Implementing a method of training across multiple remote devices (with GPUs). The Naive_Parallel will not feature any pipelining, after the program is able to support basic model parallel training, I will move onto developing support for data parallel training.
Simple Model Implementation:
-Residual Connections and complicated inputs can be handled by wrapping a class and adding variables for in_variables and out_variables.
-in_variables are used for extra incoming inputs (masks, residual connections etc)
-out_variables are used for outgoing variables which will be used by a future module.
-The system supports input/output connections between modules which are not stored on the same device
Here is an example residual
TEST_RESIDUAL_SMALL = [
(nn.Linear, {'in_features':1, 'out_features':512}, (32, 1)),
(nn.ReLU, {}, (32,512)),
(wrapped_linear, {
'in_features':512,
'out_features':512,
'out_variables': ["res_1"]
}, [(32, 512)]),
(nn.ReLU, {}, (32,512)),
(nn.Linear, {'in_features':512, 'out_features':512}, (32,512)),
(nn.ReLU, {}, (32,512)),
(wrapped_linear, {
'in_features':512,
'out_features':512,
'dependencies':["res_1"],
'out_variables': []
}, [(32, 512), (32,512)]),
(nn.ReLU, {}, (32,512)),
(nn.Linear, {'in_features':512, 'out_features':1}, (32, 512)),
(nn.Sigmoid, {}, (32,1))
]
Simple Train Loop:
-The training loop has a very close resemblance to the pytorch boilerplate train loop:
#Set up server and await connections
workers = await BossMan.setup_host(num_workers)
boss = BossMan(workers, model)
await boss.distribute_model()
await boss.send_optimizer(torch.optim.Adam, {"lr":3e-3})

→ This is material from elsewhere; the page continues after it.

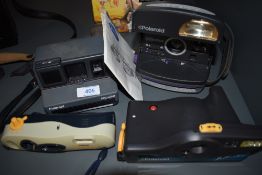 Four Polaroid cameras including Polaroid Cool Cam, Polaroid Impulse, Polaroid Joy Cam and Polaroid I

boss.gather_dependencies()
#Server set up begin regular training
loss_fn = torch.nn.MSELoss()
EPOCHS = 400
for _ in range(EPOCHS):
x,y = get_batch(32)
prediction = await boss.forward(x, {})
loss = loss_fn(prediction, y)
loss.backward()
await boss.backward(prediction.grad)
await boss.optim_step()
Usage:
After you have created a model (which the bossman can process) and initialized the bossman such as the examples above
just run worker.py on the worker devices. Just remember to first set the the following enviorment variables.
MODEL_HOST="123.456.789" (IP of the device running the bossman code)
MODEL_PORT=1024 (Constant do not change)